◆ Task prompt: What are the lines, copied exactly, from the one containing "Pierre Le Faguays French" through the final line of the material? Leave the pictures out.
++++++++++++++++++++
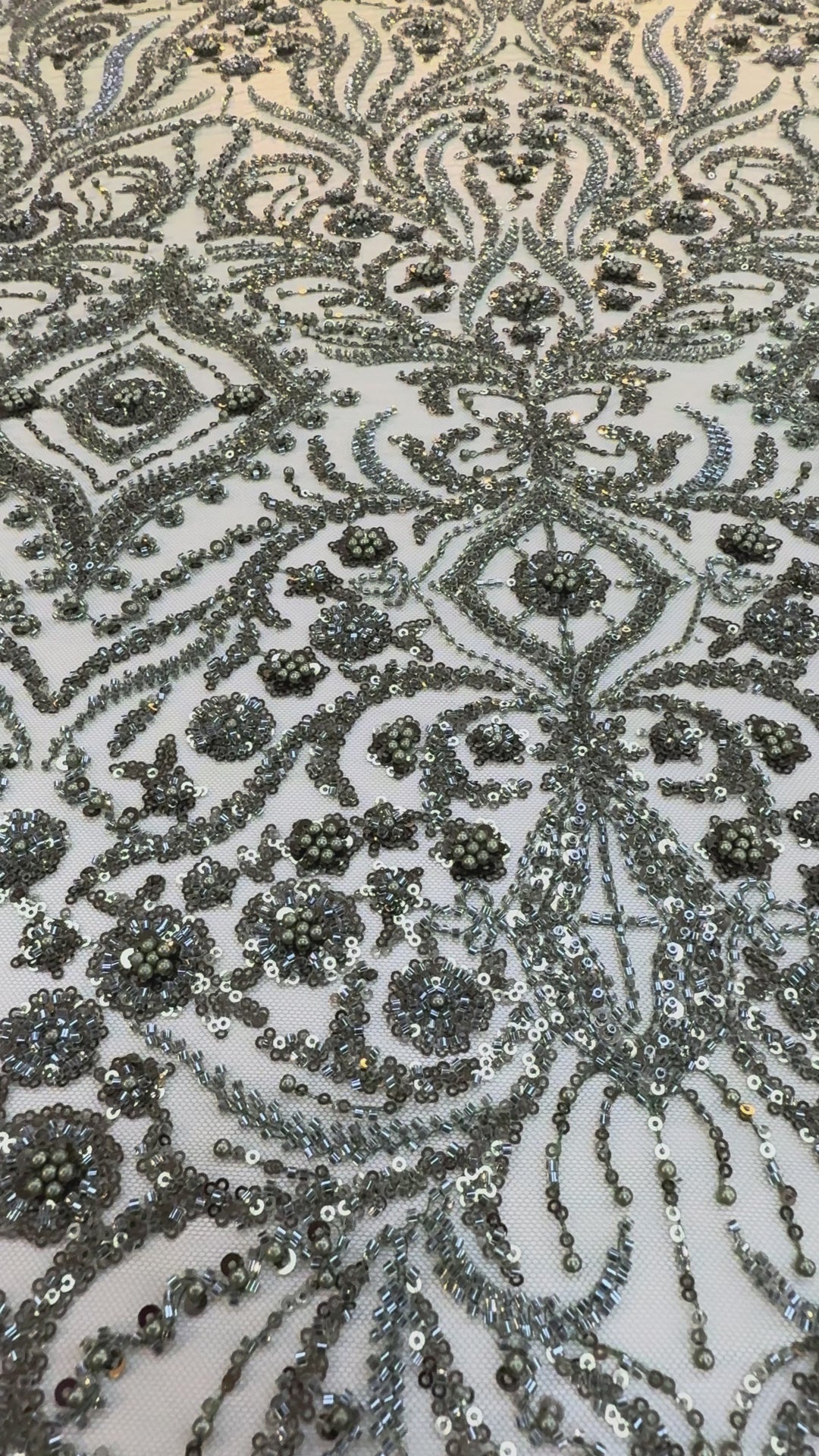 Emerald Green Beaded Baroque Embroidery on Tulle – Luxury Couture Fabric (1 Piece = 3 Meter)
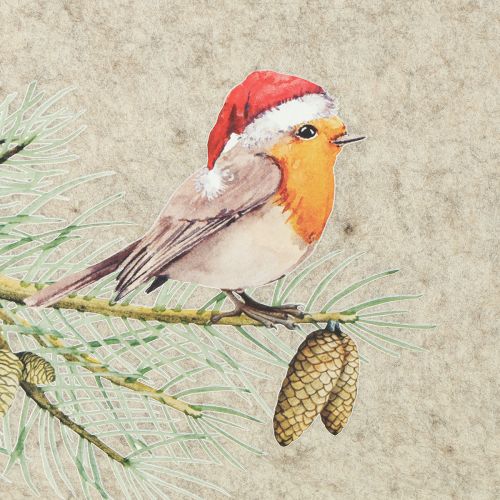 Floristik24 Filtmåtte bordskåner robin grå filt 40×30 cm 4 stk.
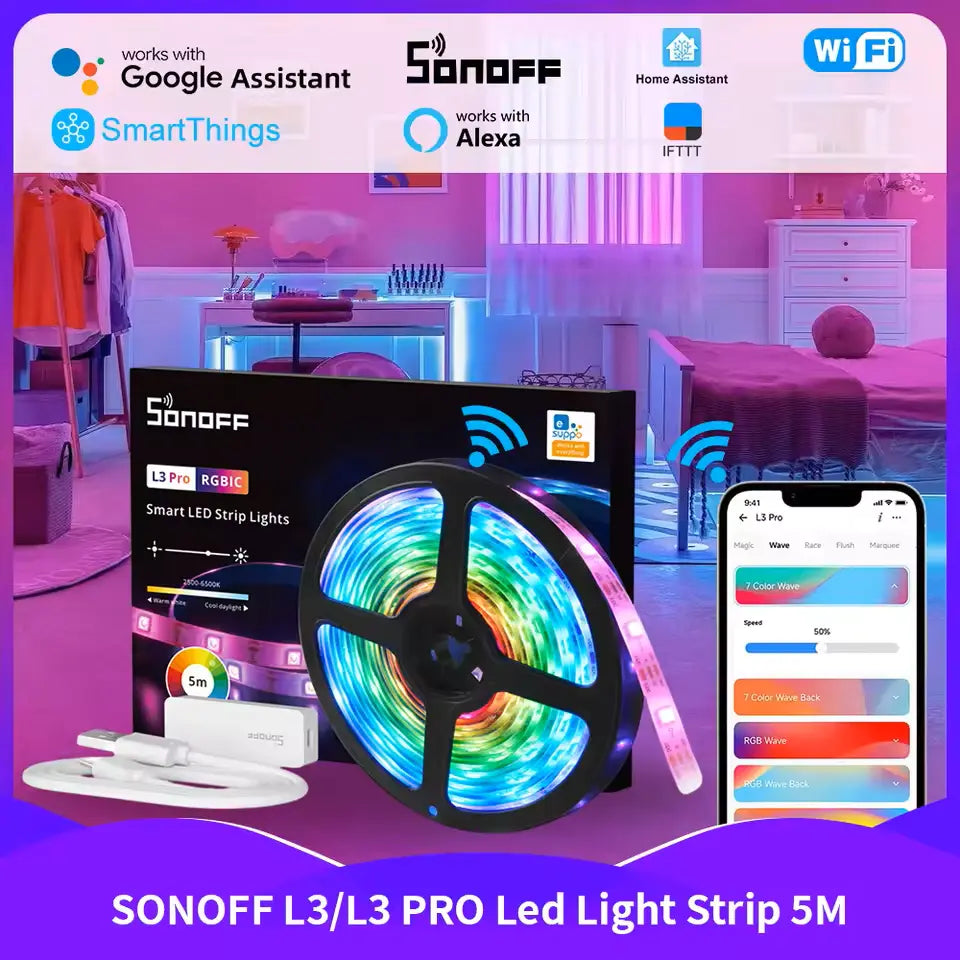 SONOFF L3 Pro RGBIC Smart LED Strip Lights 5M/16.4Ft - IP54 Waterproof, WiFi & Bluetooth Control, 16 Million Colors, Music Sync, Works with Alexa/Google Home, DIY Cutting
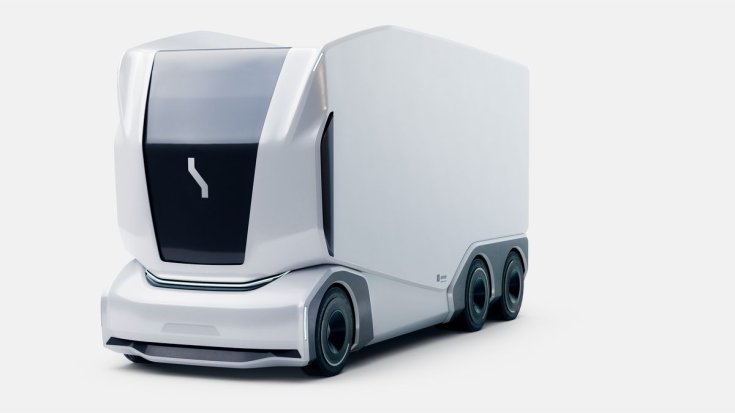 Einride Pod önvezető elektromos kamion féloldalról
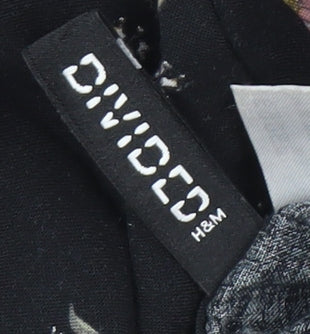 H&M Divided Women’s Black Floral Tunic Blouse Size 12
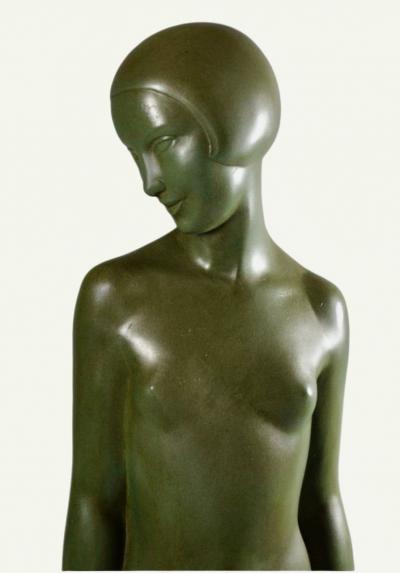 Pierre Le Faguays French Art Deco Ondine Bronze Sculpture Pierre Le Faguays Rare Large Size
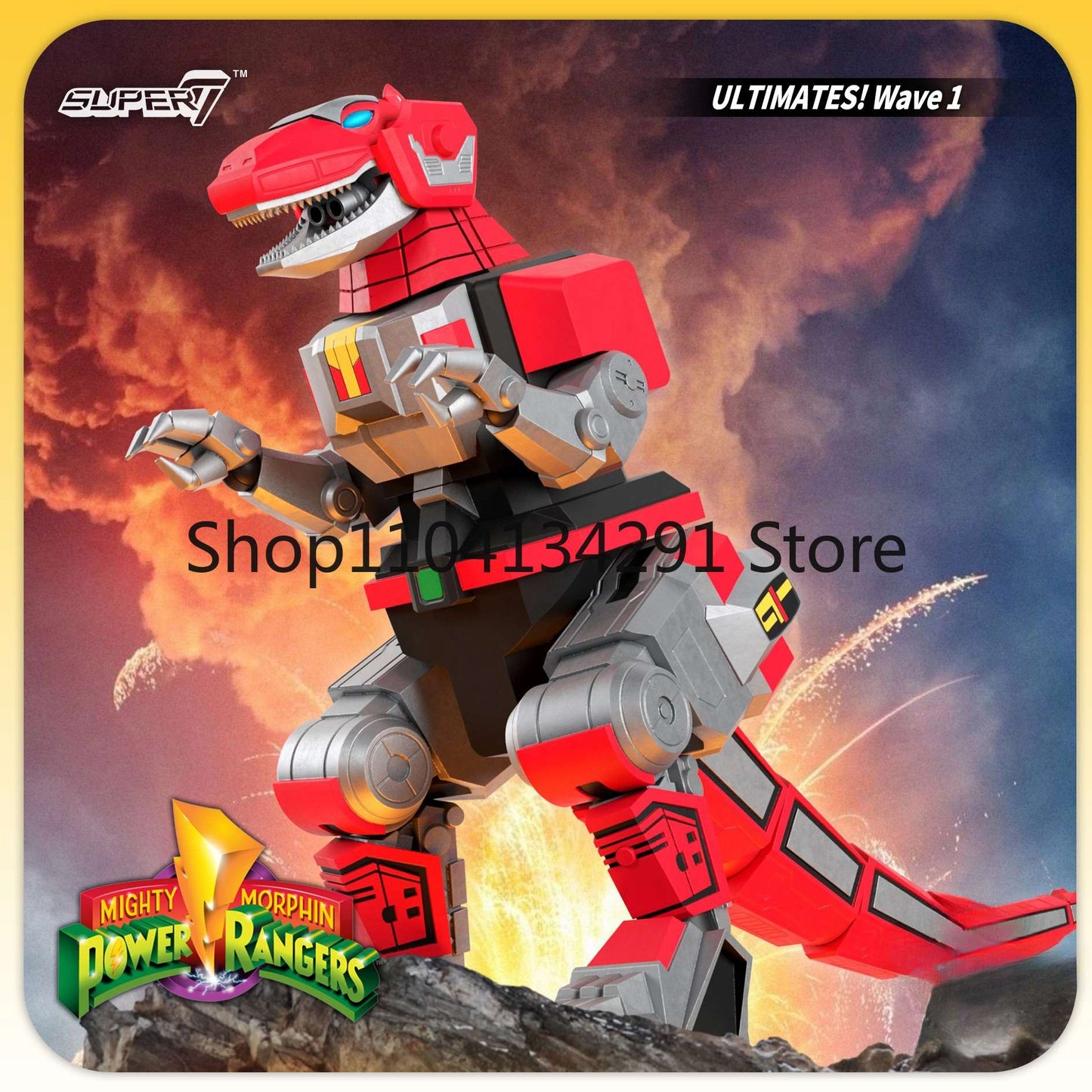 Original em estoque Super7 Power Rangers Série 1 Ranger Verde e Ranger Amarela T-Rex Zord Presente de Aniversário Brinquedo Colecionável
++++++++++++++++++++
◆ Response:
 Pierre Le Faguays French Art Deco Ondine Bronze Sculpture Pierre Le Faguays Rare Large Size
 Original em estoque Super7 Power Rangers Série 1 Ranger Verde e Ranger Amarela T-Rex Zord Presente de Aniversário Brinquedo Colecionável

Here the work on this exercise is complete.